Most kids couldn’t sing Prince. I could. That made me special, a part of something larger. Adults sang Prince. I had something in common with them, and even as they laughed, we all drew closer. I was precocious. I was something special. I had that specialness not by accident, but because my mother and father played Prince for me—or played Prince around me—and didn’t worry about the consequences. I recall knowing Prince sang “Raspberry Beret,” though, so they weren’t totally passive. They rocked out to Prince enough that their 4-year-old knew the words.
And in knowing those words, I joined something bigger. I was also called on to sing Aerosmith’s “Love in an Elevator” at parties: “Love in an elevator/ Livin’ it up while I’m going’ down.” I had no idea what this meant. It didn’t matter. I knew Aerosmith and never forgot them. Later, I sang along to the iconic “Janie’s Got a Gun.” Now, I have Aerosmith on vinyl, and I play Toys in the Attic for my kids. I had tapped into something larger than myself.
I never forgot who Prince was, either. I continued to rock out to his songs. I knew who he was when he turned his name into the trumpet thingy and why it mattered. I understood the Eminem lyric in “Without Me”: “Ever since Prince turned himself into a symbol.” I was a member of the larger pop culture my parents brought to me. None of this would have happened if I hadn’t been singing “When Doves Cry” to drunk partiers.

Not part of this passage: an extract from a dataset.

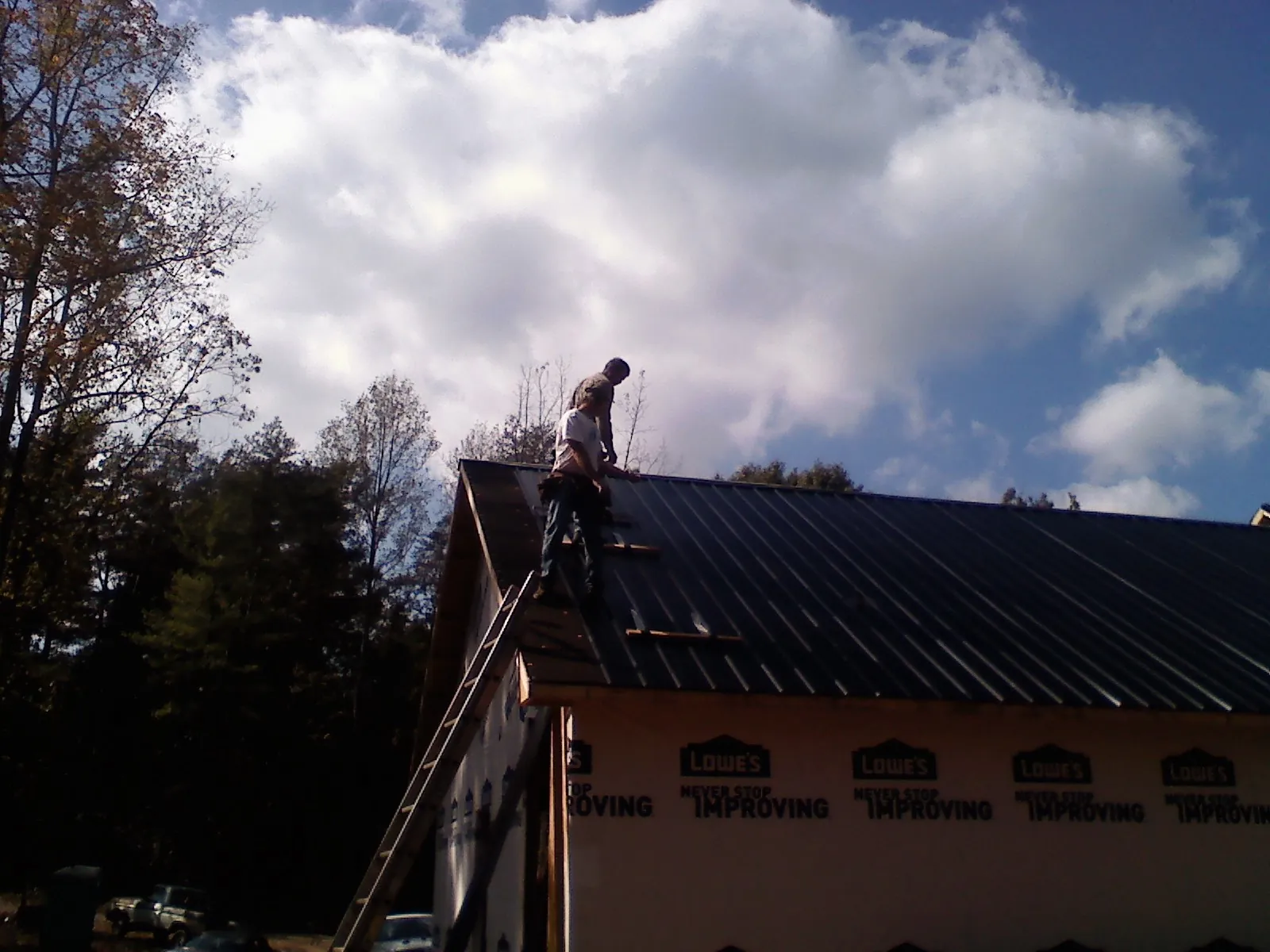 Roofer fastening dark metal panels high against a cloudy sky, from a Roof Inspection job in Klamath Falls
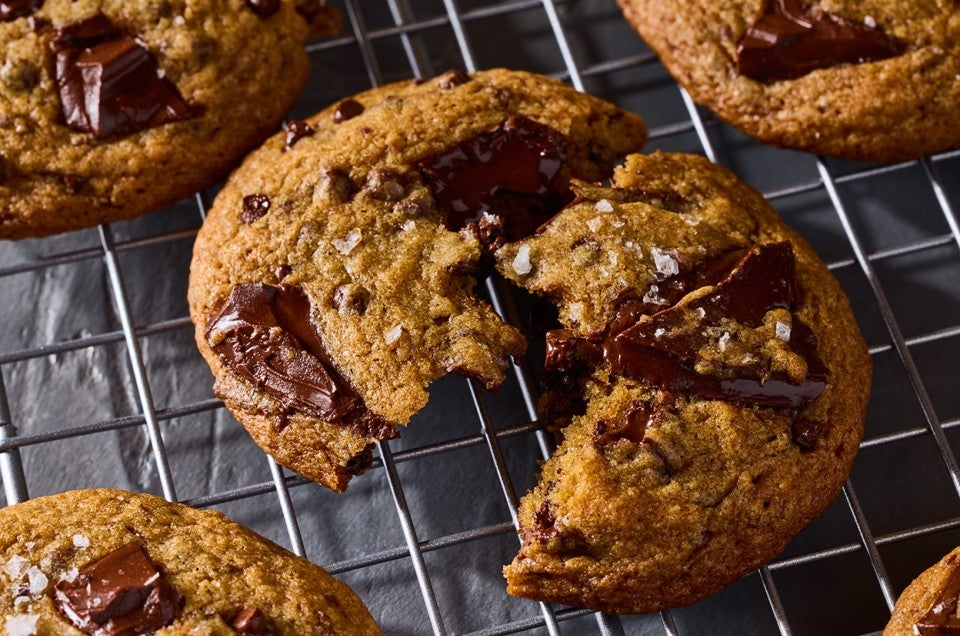 A High-Altitude Chocolate Chip Cookie split on a cooling rack showing the brown color of the dough and the gooey large chocolate bits in the cookie. - select to zoom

When David Bowie died, I got serious about my sons’ Bowie education. We did the obvious ones, the ones with space references: “Starman,” “Space Oddity,” and the iconic “Ziggy Stardust.” They weren’t particularly taken with them. But they jumped on the bed to the rhythm and sang snippets of lyrics. Enough snippets that my son told his ukulele teacher that David Bowie was his favorite musician.
They will always know David Bowie. They will come back to him. I gifted them something larger than themselves, a piece of culture and music and soul of our century. I did the same with The Beatles, but it took, especially, “Yellow Submarine.” My youngest son screams if anyone sings it but him. My two oldest played it for their ukulele recital—a step up from beer parties.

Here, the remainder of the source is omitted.